Hi, there,
I'm simplifying the context:
We've had a perfectly working correlation rule for several years now, and for the past 2 days it hasn't been working properly.
The command has to list IPs and then check if these IPs are not in a first lookup and then in a second lookup. If the IPs are not in either lookup, an alert is triggered. The IPs are then added to the second lookup, so that they can be ignored for future searches.
It looks like this:
<my search>
| dedup ip
| search NOT [ | inputlookup 1.csv ]
| search NOT [ | inputlookup 2.csv ]
| fields ip
| outputlookup append=true override_if_empty=false 2.csv
The lookups are both identical:
IP
-------
1.1.1.1
2.2.2.2
etc
The first lookup has 1000 lines
The second lookup has 55000 lines
Everything was working fine, but now we have IPs that are triggering alerts despite being in the second lookup.
Any ideas?
Thanks a lot.
Your subsearch only returns a limited number of rows (possibly only 10000 not the 55000 you were expecting).
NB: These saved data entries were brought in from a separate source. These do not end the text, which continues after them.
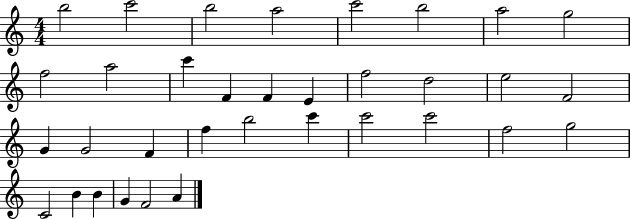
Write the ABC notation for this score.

X:1
T:Untitled
M:4/4
L:1/4
K:C
b2 c'2 b2 a2 c'2 b2 a2 g2 f2 a2 c' F F E f2 d2 e2 F2 G G2 F f b2 c' c'2 c'2 f2 g2 C2 B B G F2 A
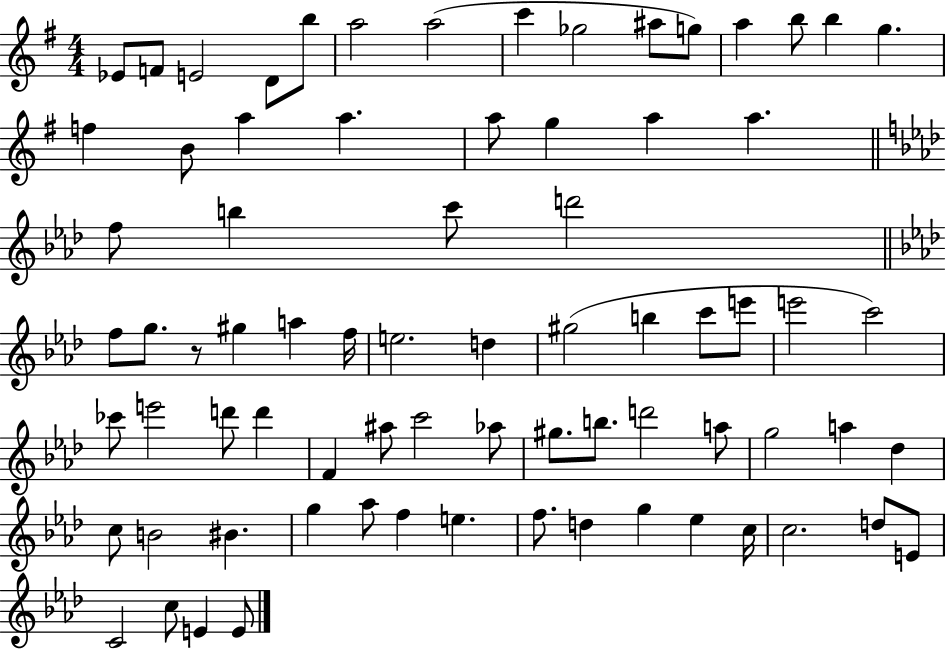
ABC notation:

X:1
T:Untitled
M:4/4
L:1/4
K:G
_E/2 F/2 E2 D/2 b/2 a2 a2 c' _g2 ^a/2 g/2 a b/2 b g f B/2 a a a/2 g a a f/2 b c'/2 d'2 f/2 g/2 z/2 ^g a f/4 e2 d ^g2 b c'/2 e'/2 e'2 c'2 _c'/2 e'2 d'/2 d' F ^a/2 c'2 _a/2 ^g/2 b/2 d'2 a/2 g2 a _d c/2 B2 ^B g _a/2 f e f/2 d g _e c/4 c2 d/2 E/2 C2 c/2 E E/2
As an experiment, I tried this
| makeresults count=50001
| streamstats count as row
| outputlookup large.csv
Followed by
| makeresults count=50010
| streamstats count as row
| search NOT
[| inputlookup large.csv]
I still get 40010 rows not the 9 that I "should" get
You could break up the csv so that you process it in chunks of 10000 events
| makeresults count=50010
| streamstats count as row
| search NOT
[| inputlookup large.csv
| head 10000]
| search NOT
[| inputlookup large.csv
| head 20000
| tail 10000]
| search NOT
[| inputlookup large.csv
| head 30000
| tail 10000]
| search NOT
[| inputlookup large.csv
| head 40000
| tail 10000]
| search NOT
[| inputlookup large.csv
| head 50000
| tail 10000]
That solution isn't perfect but it's a good tips, thanks dude
Hi @Treize ,
I don't know why your lookup doesn't correctly run, how many lines there are in your lookups?
maybe you supered the limit of 10,000 rows.
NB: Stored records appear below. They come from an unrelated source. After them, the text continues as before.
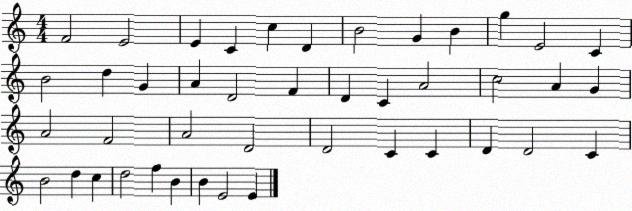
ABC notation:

X:1
T:Untitled
M:4/4
L:1/4
K:C
F2 E2 E C c D B2 G B g E2 C B2 d G A D2 F D C A2 c2 A G A2 F2 A2 D2 D2 C C D D2 C B2 d c d2 f B B E2 E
Then, did you changed the name of the "ip" field in the main search or in the lookups?
anyway, your search isn't optimized: it should be better to insert the two subsearches in the main search and declare the field to use in the search using the field command:
<my search> NOT ([ | inputlookup 1.csv | fields ip ] OR [ | inputlookup 2.csv | fields ip ]
| dedup ip
| fields ip
| outputlookup append=true override_if_empty=false 2.csv
Ciao.
Giuseppe
Thanks, I'll keep the optimization in my mind and implement it as soon as my problem is solved.
Hi @Treize ,
The issue is likely due to subsearch limitations. Subsearches have default limits on the number of results (10,000) and runtime, and your second lookup (55,000 lines) exceeds the default output limit. This means the subsearch [ | inputlookup 2.csv ] might only be returning the first 10,000 IPs, causing the outer search to incorrectly identify IPs beyond that limit as "not found".
Use the lookup command instead, which is more efficient and avoids these limits.
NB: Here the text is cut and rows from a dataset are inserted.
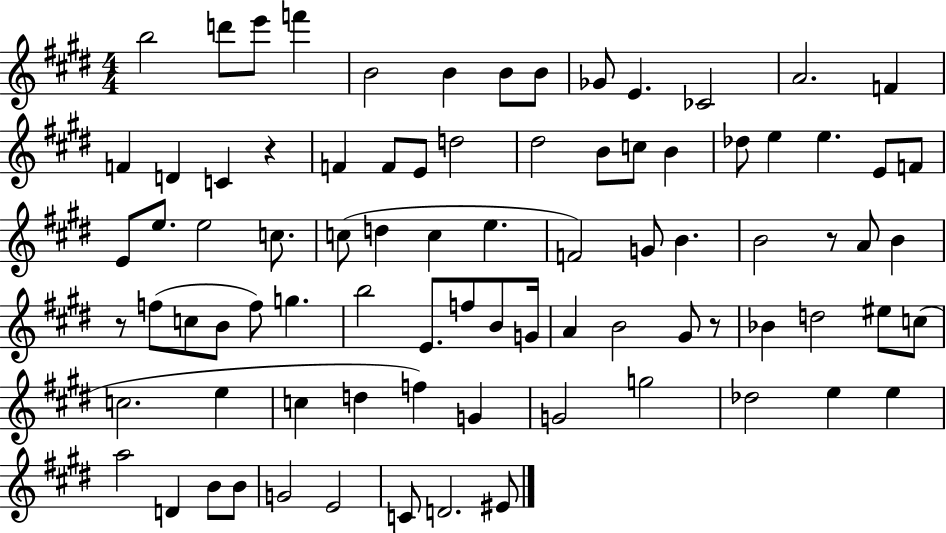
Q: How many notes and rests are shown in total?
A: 84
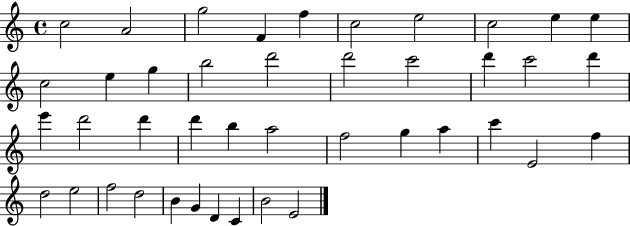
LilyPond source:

{
  \clef treble
  \time 4/4
  \defaultTimeSignature
  \key c \major
  c''2 a'2 | g''2 f'4 f''4 | c''2 e''2 | c''2 e''4 e''4 | \break c''2 e''4 g''4 | b''2 d'''2 | d'''2 c'''2 | d'''4 c'''2 d'''4 | \break e'''4 d'''2 d'''4 | d'''4 b''4 a''2 | f''2 g''4 a''4 | c'''4 e'2 f''4 | \break d''2 e''2 | f''2 d''2 | b'4 g'4 d'4 c'4 | b'2 e'2 | \break \bar "|."
}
| dedup ip | lookup 1.csv IP AS ip OUTPUT IP AS found_in_1 | where isnull(found_in_1) | lookup 2.csv IP AS ip OUTPUT IP AS found_in_2 | where isnull(found_in_2) | fields ip | outputlookup append=true override_if_empty=false 2.csv
This search first finds unique IPs, then uses lookup to check against 1.csv. It keeps only the IPs not found (where isnull(found_in_1)). It then repeats the process for 2.csv. Finally, it outputs the remaining IPs (those not found in either lookup) to 2.csv.
Quick Tip: Double-check that the IP column in your lookup files doesn't contain leading/trailing whitespace
🌟 Did this answer help you? If so, please consider:
Your feedback encourages the volunteers in this community to continue contributing
Hello and thank you for your suggestion
It works pretty well indeed!
The only problem, and it's my fault, I forgot to specify that the 1.csv contains CIDRs and not simple IPs... Any ideas? 😃
I'd never have thought of the limits of subsearch. How has it worked all these years when we exceeded 10,000 lines years ago?
Hi @Treize
If your "ip" field in the lookup is a CIDR then configure it as an lookup definition (rather than referencing it as <lookup1>.csv and then under Advanced Options set the Match type to CIDR(ip) as below:
🌟 Did this answer help you? If so, please consider:
Your feedback encourages the volunteers in this community to continue contributing.
The lookup has already been defined. The variable is not really “ip” so in the definition should we put CIDR(ip) because it's an IP or CIDR() to define the variable it should take into account? In both cases, this solution doesn't work. It can't find the IPs in the lookup's CIDRs...
Hi @Treize
In the Match type box you would do CIDR(fieldName) where fieldName is the name of the field in your lookup which contains the CIDR values.
In the meantime, I've come up with a simple idea: a subsearch for the lookup with 1000 lines and a simple "| lookup" command for the lookup with 50,000 lines.
Hi @Treize ,
it could run, but you should add another field to use for the check.
But, having the issue of so many rows, why you don't use a summary index, outting it in the main search so you don't have limits?
something like this:
(<my search>) OR (index=new_summary_index)
| eval ip=coalesce(ip,IP)
| stats
values(index) AS index
dc(index) AS index_count
BY ip
| where index_count=1 AND index=<your_index>
| fields ip
| outputlookup append=true override_if_empty=false 2.csv
Ciao.
Giuseppe
I don't understand why a summary index would be better?
We use 2 lookups:
- 1st because it comes from a third party
- 2nd because we need to increment it after treating this IP as an alert
Hi @Treize ,
because summary index in a main search hasn't limits in the number of results.
Ciao.
Giuseppe